• **What you are asked to do**:
Records follow. Copy every line with "Cable".

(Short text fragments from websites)
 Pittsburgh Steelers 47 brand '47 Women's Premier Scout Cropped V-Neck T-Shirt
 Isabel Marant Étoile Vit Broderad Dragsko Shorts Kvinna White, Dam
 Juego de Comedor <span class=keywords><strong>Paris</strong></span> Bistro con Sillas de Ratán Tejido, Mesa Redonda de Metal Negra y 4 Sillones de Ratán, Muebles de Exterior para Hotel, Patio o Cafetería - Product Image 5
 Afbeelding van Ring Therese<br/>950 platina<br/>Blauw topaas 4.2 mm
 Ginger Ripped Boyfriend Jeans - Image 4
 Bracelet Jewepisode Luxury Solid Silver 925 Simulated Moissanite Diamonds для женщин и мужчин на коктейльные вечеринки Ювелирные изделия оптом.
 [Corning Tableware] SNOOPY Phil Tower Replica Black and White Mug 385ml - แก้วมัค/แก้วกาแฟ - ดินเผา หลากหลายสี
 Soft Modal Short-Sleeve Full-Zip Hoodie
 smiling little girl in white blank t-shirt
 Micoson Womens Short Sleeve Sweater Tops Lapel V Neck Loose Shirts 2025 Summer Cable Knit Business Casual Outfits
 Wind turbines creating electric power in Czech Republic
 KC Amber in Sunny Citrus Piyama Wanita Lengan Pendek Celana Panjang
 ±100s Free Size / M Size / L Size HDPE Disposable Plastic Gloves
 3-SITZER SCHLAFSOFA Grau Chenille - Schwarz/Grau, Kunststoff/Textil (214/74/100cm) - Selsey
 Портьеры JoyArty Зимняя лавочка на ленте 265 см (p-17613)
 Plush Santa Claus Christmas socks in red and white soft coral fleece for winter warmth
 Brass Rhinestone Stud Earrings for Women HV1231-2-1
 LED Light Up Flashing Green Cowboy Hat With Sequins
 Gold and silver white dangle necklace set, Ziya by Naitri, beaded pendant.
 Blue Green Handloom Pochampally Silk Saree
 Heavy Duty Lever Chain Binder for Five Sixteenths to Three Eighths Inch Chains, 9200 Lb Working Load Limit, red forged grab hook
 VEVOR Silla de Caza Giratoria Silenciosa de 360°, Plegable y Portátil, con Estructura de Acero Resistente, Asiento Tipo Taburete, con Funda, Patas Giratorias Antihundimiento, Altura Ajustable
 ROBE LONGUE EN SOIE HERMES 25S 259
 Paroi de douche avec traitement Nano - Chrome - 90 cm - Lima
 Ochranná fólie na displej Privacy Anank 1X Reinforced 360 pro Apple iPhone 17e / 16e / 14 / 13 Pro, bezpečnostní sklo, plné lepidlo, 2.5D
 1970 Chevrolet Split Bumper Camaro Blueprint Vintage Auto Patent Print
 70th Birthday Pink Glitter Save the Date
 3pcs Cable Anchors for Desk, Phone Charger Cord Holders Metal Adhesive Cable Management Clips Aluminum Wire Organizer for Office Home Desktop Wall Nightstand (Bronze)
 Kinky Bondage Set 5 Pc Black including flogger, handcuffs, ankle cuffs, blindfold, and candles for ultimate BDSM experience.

• **Response**:
 Micoson Womens Short Sleeve Sweater Tops Lapel V Neck Loose Shirts 2025 Summer Cable Knit Business Casual Outfits
 3pcs Cable Anchors for Desk, Phone Charger Cord Holders Metal Adhesive Cable Management Clips Aluminum Wire Organizer for Office Home Desktop Wall Nightstand (Bronze)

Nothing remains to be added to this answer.